Генрих постучал и, не дождавшись отклика, потянул дверь.
— Нельзя, нельзя! — ойкнула, сверкнув голыми плечами, Антонова. Женщина, что копалась у нее в волосах, выплетая искусственные пряди, подвинулась заслонить балерину, другая женщина, в таком же синем халате, напротив, обратилась ко входу, встречая мужчину немым вопросом, но обе не сильно всполошились.
— Минуточку! — высунулась, поднырнув под чужую руку, Антонова. Она проказливо, как захваченный беспричинным смехом ребенок, улыбалась.
Генрих вышел и потоптался в тускло освещенном коридоре, досадуя, что поставил себя в мальчишеское положение. Рядом, в курилке возле лифта, слышались женские голоса. Расслабленной походкой явился из-за угла Виктор Куцерь и, увидев художника, которого отмечал как не последнего в театре человека, размягчено заулыбался. С голыми икрами, в цветастом махровом халате, в просторных меховых шлепанцах, Куцерь наслаждался легкостью своего истомленного тела. По сторонам широкого диковато красивого лица его топорщились влажные кудри. Церемонно глянув на Генриха: вы позволите? — он постучал. И на очередное «нельзя!» сложил фигу, чтобы показать ее в стекло над дверью. Именно этого магического знака, похоже, до сих пор не хватало — Виктор уверенно открыл дверь навстречу беспомощному «ой-ой-ой!»

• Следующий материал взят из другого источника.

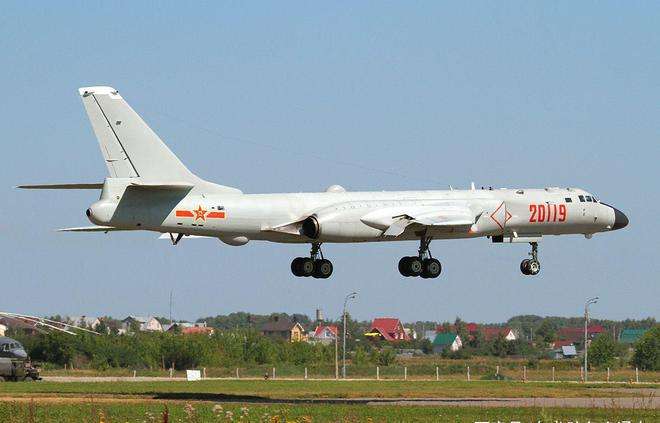 航程最远中国战斗机,轰6k战略轰炸机有多厉害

Повторно Генрих спустился на первый этаж четверть часа спустя. Одетые балерины торопились к выходу по одной и парами. У Антоновой торчали в двери ключи. Одна, в черном байковом костюме, усталая и опустошенная, она бездеятельно сидела за столом.
— А, Генрих! В кои-то веки заглянул, — сказала она, будто первый раз его видела. — Садись. Брось их вон туда. — Кокетливый палец прочертил щедрую дугу.
Все стулья и диван занимали ношеные пуанты, платья, пачки, какие-то кофты. Пуанты гирляндами длинных тесемок висели на раскрытой дверце стола. Антонова млела в сиянии двух ламп, укрепленных по бокам зеркала. Из незавернутого крана возле двери журчала в раковину вода.
Генрих убрал пуанты со стула, потом плотно, с томительной неспешностью завернул кран и сел. Антонова улыбалась, лукаво склонив голову. Слепящий свет ламп, которые отражались и в зеркалах, ей не мешал.
Теперь это была другая Аня. Не та, что на сцене, не боттичелливская Венера, и не та отчужденная женщина, которая буркнула пару слов в ответ на несвоевременные комплименты художника, — другая, третья. Пластично переменившись, она обратилась в лукавую, легкомысленную актрису. И, похоже, эта нестоящая, любительская игра давала ей больше, чем подлинные переживания сцены. Давала раскованное, не омраченное страданием довольство собой — все то, что так редко и мало приносит творчество.